Elle est connue par son seul prénom, devenu célèbre dans le monde du catering et de la restauration. Particulièrement réputée pour ses gâteaux, véritables pièces d’art. Plus qu’un grand chef, Nazira est une artiste pionnière dans le domaine. Portrait.

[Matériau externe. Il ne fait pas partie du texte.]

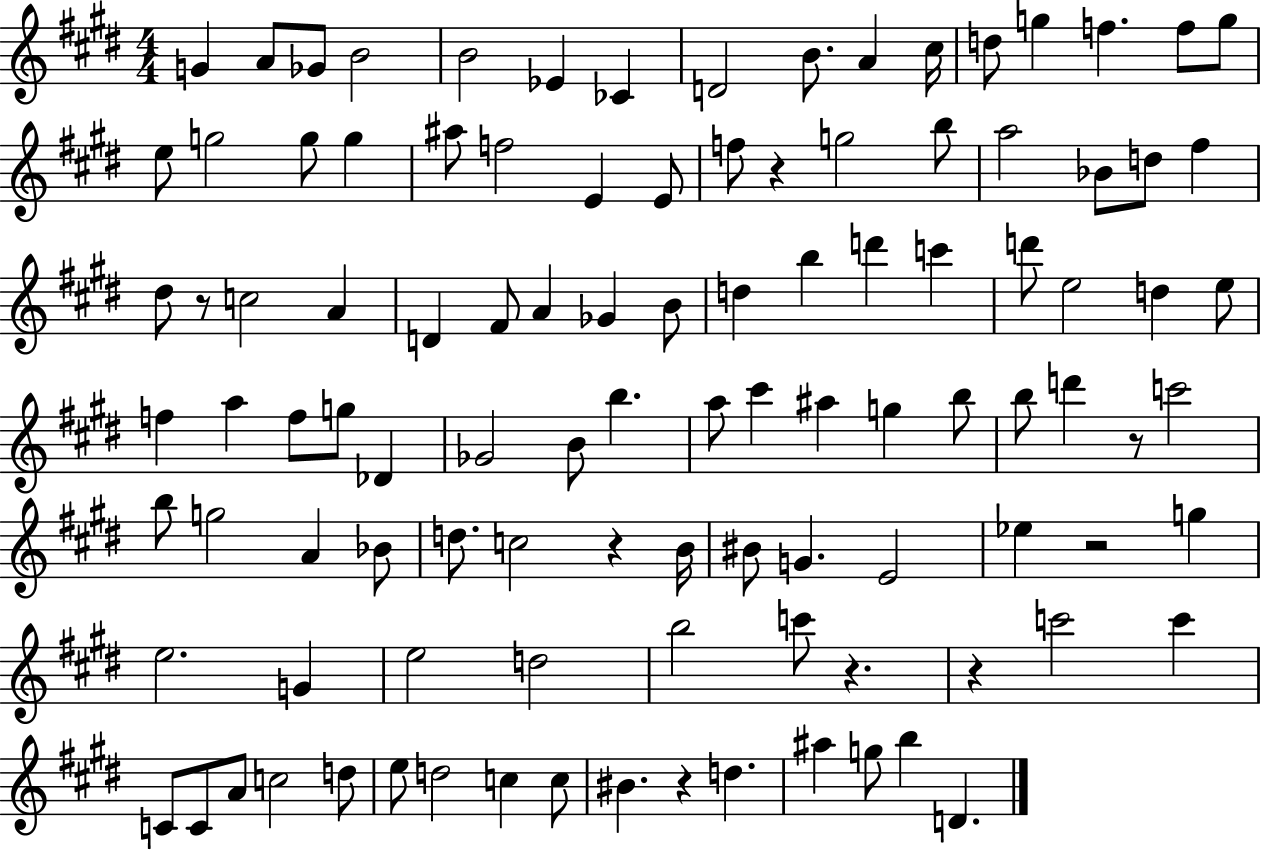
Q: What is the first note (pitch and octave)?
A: G4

C’est à Aïn Saadé, dans un cadre magnifique avec une vue plongeante sur la capitale et la mer que Nazira Haddad Bitar a élu domicile. Elle nous reçoit dans un intérieur chaleureux, marqué de son empreinte. Naturelle et spontanée, Nazira raconte ses débuts, sa carrière et sa passion pour la cuisine qu’elle a transmise à sa fille Cynthia Bitar, exécutive chef chez Nazira Catering. Diplômée de l’école Paul Bocuse, Cynthia répète très souvent: «Je suis tombée dans la marmite de maman». Quant à Angela, sa fille aînée, elle est ingénieur de maintenance aéronautique et mère de deux garçons, qui font les délices de leur grand-mère: Raphaël (11 ans) et Joshua (6 ans).
A la mesure du client
Quand elle était enfant, Nazira répétait vouloir devenir fleuriste. C’est finalement vers l’Ecole hôtelière de Dekouané qu’elle se dirige. «A l’époque, nous étions cinq filles uniquement et je suis la seule à avoir continué et travaillé dans le domaine», se souvient-elle. Pendant les années de guerre, elle donne des cours de cuisine avant de quitter pour la France, où elle se rend dans les Relais et Châteaux. «J’allais partout pour apprendre, dit-elle. J’ai travaillé pendant cinq mois dans les cuisines des Relais et Châteaux où j’ai appris la nouvelle cuisine, la cuisine sur assiette. J’ai pris, ensuite, des cours de pâtisserie et j’ai commencé à faire du catering pour les Libanais vivant à Paris». En 1992, elle revient au Liban et travaille à l’hôtel Al Bustan. «Au départ, il était prévu que j’y passe cinq mois et j’y suis restée cinq ans. J’occupais les fonctions d’un executive chef». Ce n’est qu’en 1997 qu’elle ouvre sa propre société de catering.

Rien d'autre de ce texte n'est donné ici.